His latest effort is to repeatedly suggest the Solomon Islands government had been bribed to sign the security deal with China.

It might have been, but only an undiplomatic clown would say so.

And who is to say money Australia has poured into the South Pacific hasn’t been to buy favours? A glaring failure of the Liberal National government has been breaking its repeated promise to introduce a beneficial ownership register – aside from annoying the local real estate industry, it could be embarrassing to expose what some of Australia’s political friends own here. (It’s that integrity thing again.)

It’s not for nothing that I call Peter Dutton the Offence Minister. In my opinion, he has done more than anyone to make Australia a target while presiding over an ill-equipped, bungle-prone and undermanned defence force that seems to delight in signing up for things it is sold, rather buying what Australia actually needs.
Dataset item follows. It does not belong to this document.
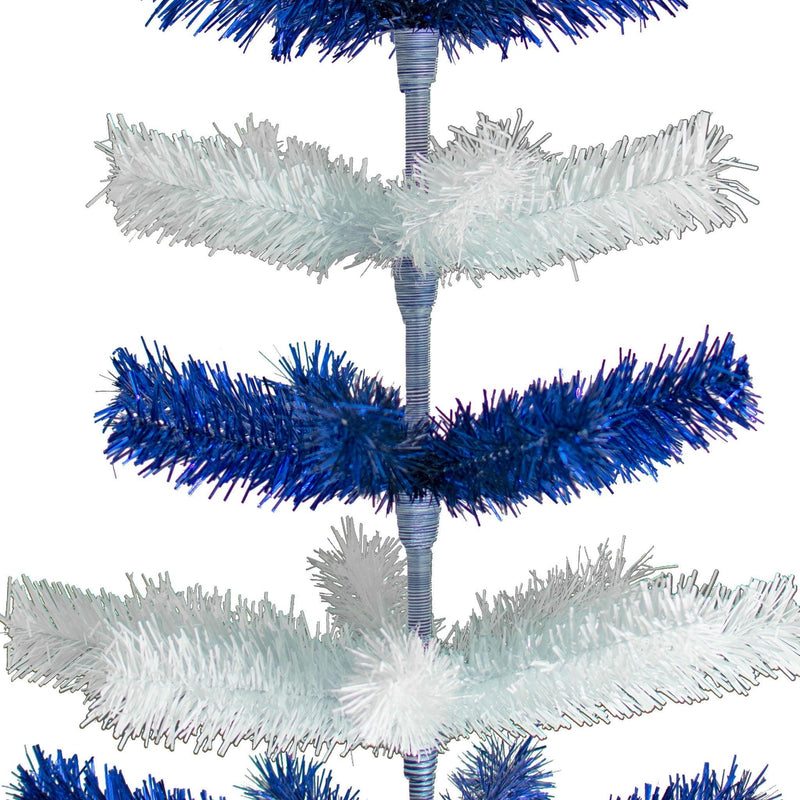 Blue & White Layered Tinsel Christmas Tree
And more evidence for the suggestion that, for party political purposes, whatever hairy-chested blustering Mr Dutton pulls, Mr Morrison has to top.

As antithetical as the Offence Minister is to diplomacy, I cannot recall an Australian Prime Minister being as diplomatically stupid as Scott Morrison on Sunday.
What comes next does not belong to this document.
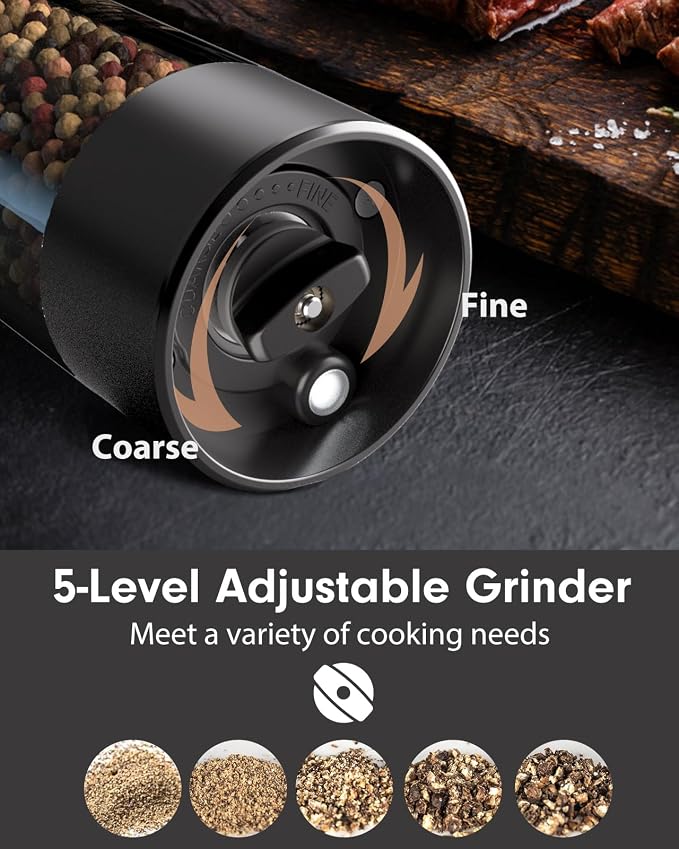 TOMEEM Upgraded Larger Capacity Electric Salt and Pepper Grinder Set - Image 4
Already on the nose with South Pacific nations for the Coalition cutting aid and dismissing their climate change concerns, Mr Morrison actually threatened these sovereign states with military action if they didn’t do as they were told.

“We won’t be having Chinese military naval bases in our region on our doorstep,” he said in the context of having “the same red line” as the United States.

He may as well have told these proud people to know their place or they won’t be allowed to pick our fruit for us any more.

Three years ago, Fijian Prime Minister Frank Bainimarama warned Mr Morrison’s “very insulting and condescending” behaviour was pushing Pacific nations closer to China. 

That was before he started threatening to send some gun boats to teach the islanders a lesson.

When this election campaign started, nobody could have guessed the three big issues of the first third of the campaign would be Mr Albanese failing to remember the unemployment rate, the gender views of a Liberal candidate in an unwinnable seat, and how friendly the Solomon Islands wants to get with China.

But we are at a low ebb – an invisible diplomatic presence, a dangerous Defence Minister, security operatives either going rogue or playing politics.

Quick, roll out a nonsense headline that will be dutifully run by the usual suspects!

Promise 1.3 million new jobs? Nah, already done that.

How about a “no new taxes” pledge? Yep, that’ll do.